Review by Ian Keogh
Spoilers in review
Mark Sable has constructed quite the clever premise for Grounded, but it’s not the kind of premise that can be adequately explained without some spoilers. Don’t read below the third paragraph if you’d rather avoid them. A brief review would be that Grounded begins as an inventive superhero pastiche, but runs out of steam long before the end.
Jonathan Shepherd is obsessed with superheroes, and from a very young age grows up convinced that all it takes is a little willpower and coaching and his own superpowers will develop. This flies in the face of all evidence to the contrary, a failure to spot what’s under his nose, and a near fatal leap from the roof of his house. He’s a likeable creation, more so than his nearest counterpart, Kick-Ass, reaches high school his beliefs intact, and that’s when Sable throws the curveball.
Despite this being drawn relatively early in his career, Paul Azaceta has already mastered the basics of comic storytelling, and can work in a number of different styles according to what’s required, be it standard superhero or an approximation of real life. His only real problem at this stage is a lack of definition about his faces, which are general purpose.
He doesn’t have any super powers of his own, but because he’s been so self-obsessed over the years what Jonathan’s failed to notice is that he’s surround by superheroes. His father’s one, and so is his best friend’s mother. And that high school he attends? It’s been set up specifically to cater for the children of superheroes who’re developing their own powers, and staffed by a lot of former villains as an alternative to jail.
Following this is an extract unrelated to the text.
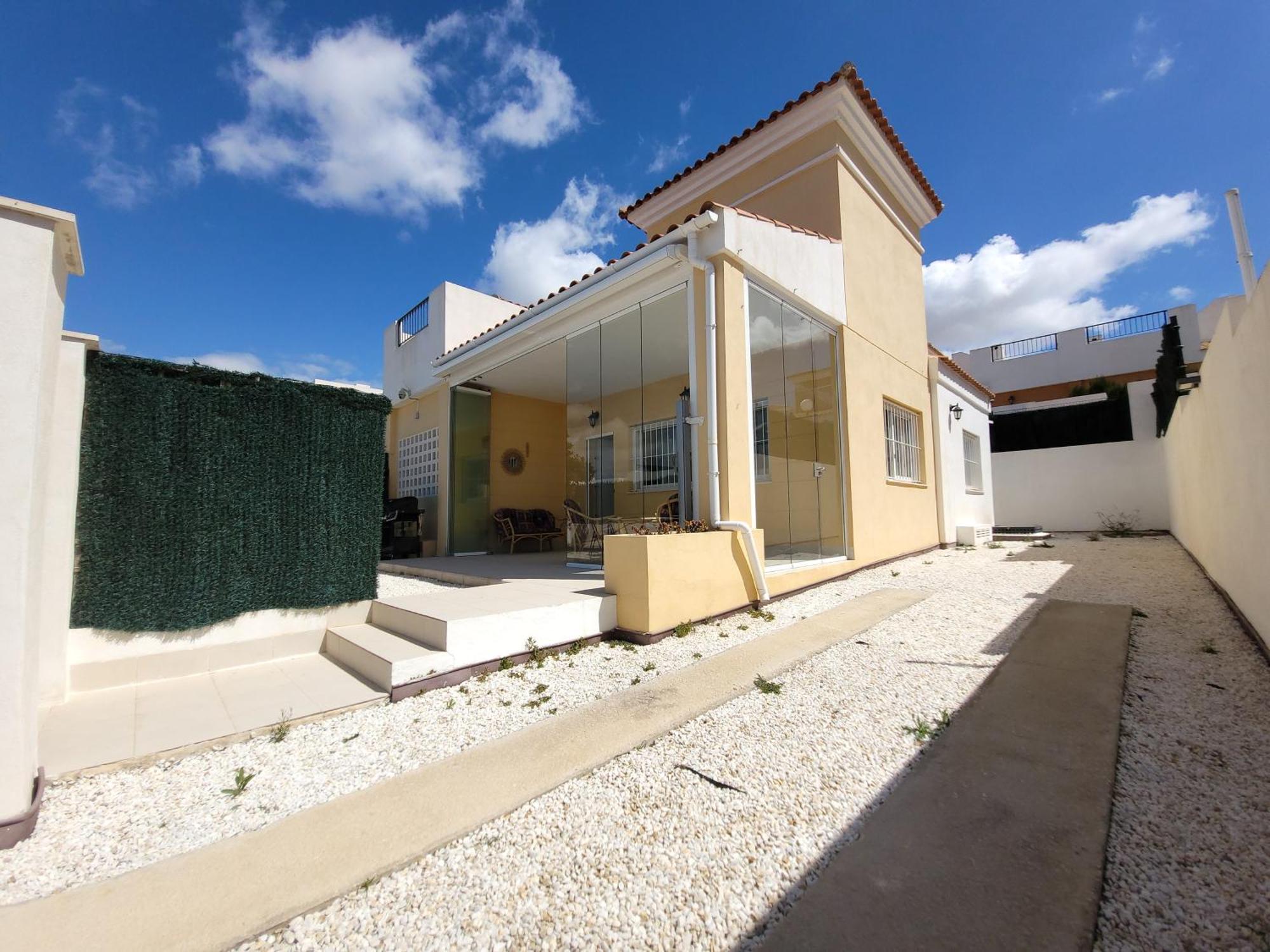 Chalet Adosado Acogedor Busot Alicante Eksteriør bilde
So whereas previously Jonathan stood out for his insane belief, in school he’s the anomaly for not having super powers.
The pastiche elements are scattered throughout, from references to famous superheroes to faked old comic sequences depicting the former exploits of the cast members introduced here. We also have logically amusing reasons for superhero happenings such as a hero able to isolate the flaw in anything being dumped by his team-mates for being unable to stop pointing out their flaws.
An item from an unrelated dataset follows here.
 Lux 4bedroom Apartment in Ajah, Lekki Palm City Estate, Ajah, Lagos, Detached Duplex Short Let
Everything is chugging along nicely until the midway point when we switch from vignettes to the main plot, at which point Grounded loses much of its charm. The remainder is like a Scooby-Doo episode, with a modicum of wit, and some inventive use of relatively minor super powers, but nowhere near as much fun as the opening section. This is because instead of being outside looking in on a superhero story with a knowing wink we’re being fed standard superhero content.
This is still well worth a read for the opening half if pulled out of a bargain bin, and there are plenty of cheap copies online.